Shanon and Melinda attended their first Ranching for Profit school in January of 2020 and joined the Ranching For Profit Executive Link program.
“The program gives your ranch five other ranches as board members holding you accountable,” Melinda says.
Last summer, Shanon and Melinda were asked to become instructors for the school, so all last winter and up until June this year, they have been training and studying.
“We will now be instructors as a couple, so we kind of moved into the role of being able to share principles and things that have worked for us to help others improve and share our ideas on a large-scale basis,” Melinda says.
The Sims are always looking towards the future and working to better their operation.
“There’s always a yearning to do better for the animals, people, environment and the bottom line,” says Melinda.
The Sims strive to build a business for future generations.
“We would love for our children to come back, but we want them to be fulfilled in whatever they do,” says Melinda. “We want to build and maintain a business that is enticing to future generations, so it can be carried on and the land management can be improved on.”

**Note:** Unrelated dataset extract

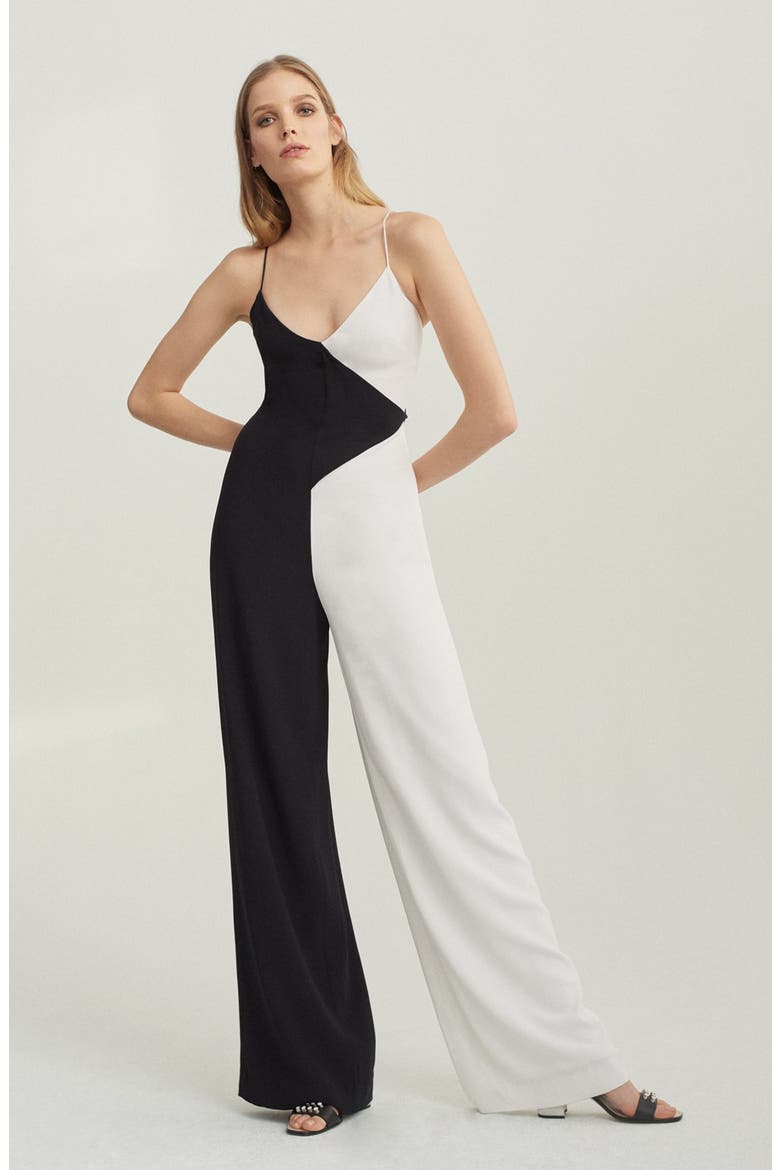 Colorblock Wide Leg Jumpsuit, Alternate, color, BLACK/ WHITE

“We want the next generation to have the opportunity to take the ranch over,” says Scott. “If they want to be here, it’s there, if not, there’re lots of young people out there who would just love to have an opportunity to ranch. Once in a while, those things can happen.”
April offers advice for future generations of ranchers, saying, “Faith is important. Sometimes, you have to accept you are going through a tough time and down the road, things will get better.”
“Realize it’s not something that happens overnight,” she adds. “It takes time, dedication and hard work.”